Tuesday, August 18, 2015

The large electronic entropy of bad metals

A common feature of bad metals is that at relatively low temperatures [of the order of the coherence temperature which is much less than the non-interacting Fermi temperature] they have an entropy per electron of the order of Boltzmann's constant, k_B. This is more characteristic of a classical than a quantum system. For localised non-interacting spins the entropy is ln(2) k_B. In contrast, in a Fermi liquid such as an elemental metal, the electronic entropy is of order k_B T/T_F where T is the temperature and T_F is the Fermi temperature (10,000s K in an elemental metal).

I don't think this bad metal property of the large electronic entropy is emphasised enough, although it was highlighted here.

I illustrate this below with two sets of experimental data. The first set is measurements on YBCO, with x related to the doping, small x corresponding to the under doped regime and x=1 approximately optimal doping.
In the metallic state, the entropy increases approximately linearly with temperature and has a value of the order of 0.6 k_B at T=300 K.

Aside: previously I discussed how the entropy is maximal at optimal doping and this is reflected in a change in sign of the thermopower.

The second is from the same research group (20 years later) concerning a family of iron pnictides
Electronic specific heat of Ba1−xKxFe2As2 from 2 to 380 K
G Storey, J W Loram, J R Cooper, Z Bukowski, and J Karpinski
Note that here the entropy is divided by the temperature, so in a simple Fermi liquid the graph would be flat. For reference, the value of S/T [and the specific heat] calculated from DFT-based band structure calculations is about 10 mJ/mol/K^2. Hence, we see how strong correlations enhance the entropy. Furthermore, S ~ ln(2) R ~ 50 mJ/mol/K for temperatures of the order of 100 K for x > 0.4.

Monday, August 17, 2015

Cherry picking theories

Cherry picking data is not just done by scientific "denialists" but also some "respected" theorists who are seeking support for their scientific theory.

I recently realised that some experimentalists cherry pick theories to describe their experimental data. I heard a talk by a theorist who reported having several disturbing conversations along the following lines.

Experimentalist: We fitted our data to your theory.

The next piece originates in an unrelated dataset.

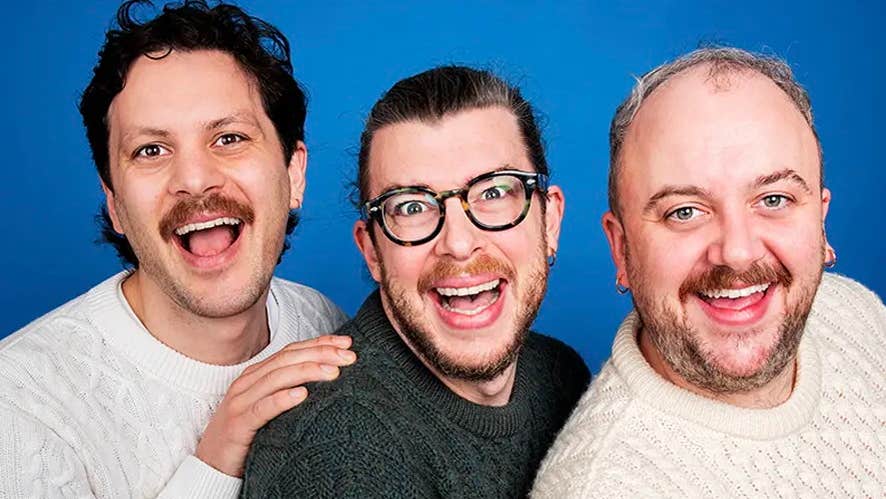 3 laughing men in a tight line wearing aran style knitted jumpers against plain blue background.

Theorist: But the theory is not valid or relevant in the parameter regime of your experiment.

Experimentalist: We don't care. The theory fits the data.

Friday, August 14, 2015

New proposals to measure the shear viscosity of an electron fluid

Recently, several new approaches have been suggested to experimentally measure the viscosity of the electron fluid in a metallic crystal. Previously, I posted about how ultrasound attenuation can be used to indirectly measure the viscosity. However, that method is arguably not sensitive enough for the small viscosities [of the order  n hbar, where n is the electron density] that are of particular relevance to possible quantum limits to the viscosity.

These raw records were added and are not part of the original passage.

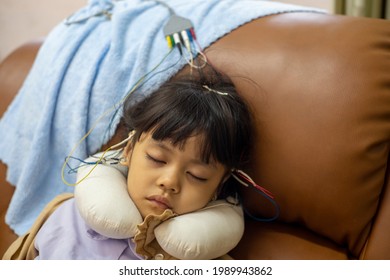 A Little Girl Is Sleeping And Doing A Neurofeedback Exam. Making EEG Electrodes.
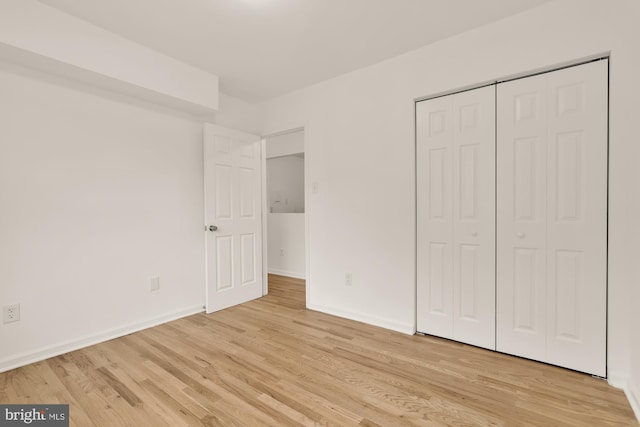7056 Eastern NW Unit 308, Washington, DC 20012 - unfurnished bedroom featuring light wood-style flooring, baseboards, and a closet
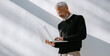 © gstockstudio - Confident mature man in smart casual wear using laptop while standing against a wall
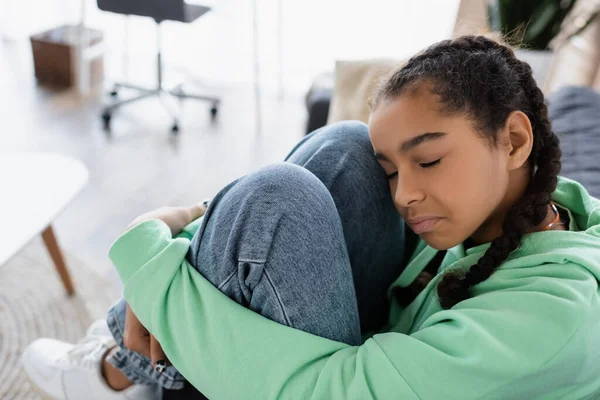 Depressed african american teen girl with closed eyes hugging knees while sitting at home — Stock Photo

Forcella, Zaanen, Valentinis, and van Der Marel considered electromagnetic properties of viscous charged fluids, finding new possible signatures due to the viscosity such as negative refractive index, a frequency dependent peak in the reflection coefficient, and a strong frequency dependence of the phase. However, they note that these effects may be difficult to observe for viscosities of the order
of the quantum limit, n hbar.

Tomadin, Vignale, and Polini considered a two-dimensional electron fluid in a Corbino disk device
in the presence of an oscillating magnetic flux. They showed that the viscosity could be determined from the dc potential difference that arises between the inner and the outer edge of the disk.  In particular, for viscosities of the order of n hbar, the potential difference varied significantly  oscillation frequencies in the MHz range.

Levitov and Falkovich recently considered the flow of an electron fluid in a micrometer scale channel in the hydrodynamic regime, where the electron-electron collision rate is much larger than the momentum relaxation rate. They found that when the viscosity to resistance ratio is  sufficiently large viscous flow occurs producing vorticity and a negative nonlocal voltage. [See the figure below].
Spatially resolved measurements of the voltage allow determination of the magnitude of the viscosity.

Torre, Tomadin, Geim, and Polini  considered the electron liquid in graphene in the hydrodynamic regime and showed that the shear viscosity could be determined from measurements of non-local resistances in multi-terminal Hall bar devices.

Although these last three proposals are promising for the two-dimensional electron fluids in graphene and semiconductor heterostructures fabrication of the relevant micron-scale devices will be particularly challenging for bad metals such as cuprates and organic charge transfer salts.

Thursday, August 13, 2015

Reflecting on student teaching evaluations

I recently received my student evaluations for teaching last semester. I was pleased to see that the scores were very high and students made many positive comments about my teaching and the course.
I would like to think this is due to my brilliant performance. But it is not.
This years positive results are in contrast to several years ago when students in the same course were so unhappy that they met with the head of department to complain about me and the course. That year many students failed. This year more than half the class got the highest grade possible.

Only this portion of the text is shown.